The most obvious counter to this line of argument is that the defines are meta-operations (extending environments at compile time), so bar would have a local binding in all instances. On the other hand, if the "(if x" became "(if #f", we could not immediately discard the branch for truth without checking for definitions. This seems unpleasant to me, but it might be palatable for others.[*]
While I have been writing this out, the following post on comp.lang.scheme occurred: [] , showing that this notion of define has some pragmatic appeal.
[*] R6RS question: What is the result of
(define foo #f) (define bar (lambda () (if #f (let-syntax ((fuzz (begin (set! foo 1) (syntax-rules x () ((_ y ...) 1))))) <whatever>) (let-syntax ((fuzz (lambda (x) (syntax-case x () ((keyword y ...) (datum->syntax #'keyword foo)))))) fuzz))))
(bar) => ???
I don't know the answer, but let's assume you take whatever steps are necessary in your implementation of choice so that foo is defined in the same phase as the expansion of the definition of bar.
> > the top-level definitions (in the presence of syntax-case, anyway) are > > effectively evaluated in phases above the expansion of all subsequent > > expressions, with bindings shared in downward phases. > > This is only true in a REPL setting. To extend this to a compiler-only > Scheme implementation is possible, but would require the compiler to evaluate > each definition before continuing to compile subsequent expressions. > Imagine the following program: > > (define pi-to-four-billion-digits > (calculation-taking-40-days)) > > (define-syntax format-result > (lambda (e) (syntax-case e -----))) > > (format-result pi-to-four-billion-digits) > > Adopting your suggestion, /compiling/ this program will take 40 days. And then > you have not even run it.

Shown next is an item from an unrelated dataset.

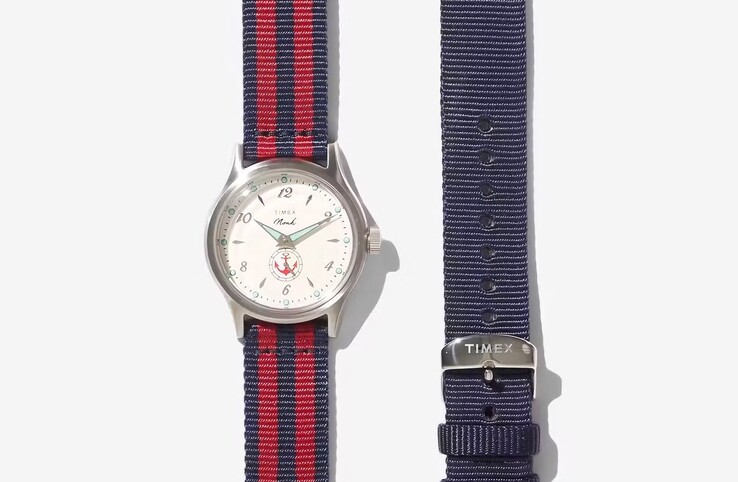 Il modello Noah x Timex MK1 Anchor con cinturino in tessuto rosso/nero, raffigurato accanto a un cinturino blu a tinta unita.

It would only take 40 days if pi-to-four-billion-digits was required at expand-time in one of the subsequent expressions. In which case it should take 40 days, or compilation should be deferred to run-time. I trust the author understands the ramifications of his/her code, and intended it to be so.
> > It is a shame > > R6RS will not explicitly state what programs will have a definite meaning, > > and explicitly leave the rest undefined. > > Exactly! > > > (define bar 10) > > (define-syntax foo > > (lambda (x) > > (define bar 'a) > > (syntax-case x () > > ((_) #'bar) > > ((_ y) #'(set! bar y))))))) > > Again, the lambda introduces a local scope, so the inner definition of BAR > cannot modify the outer BAR (since forever in Scheme).
First: Your response assumes "define" should have something to do with the scopes introduced by lambdas. "define" as it exists at top-level is anathema to lambda-introduced scopes. Just for specificity, "forever"=R2RS.
Second: Your response appears to miss the point of the example. I am probably to blame for that because I used internal-define instead of let-binding the inner BAR. The point is that the macro should expand to code referencing and modifying the expand-time binding of BAR, not the global binding at all. I claim that is the lexically apparent binding for the person reading the code. Indeed, if you review the original definition of LISP, the reason for dynamic scoping is the mechanism for abstraction: the lambda expression is simply quoted and then evaluated in the extant environment when invoked. The separate binding model is a much more complex implementation of the same type of phenomenon.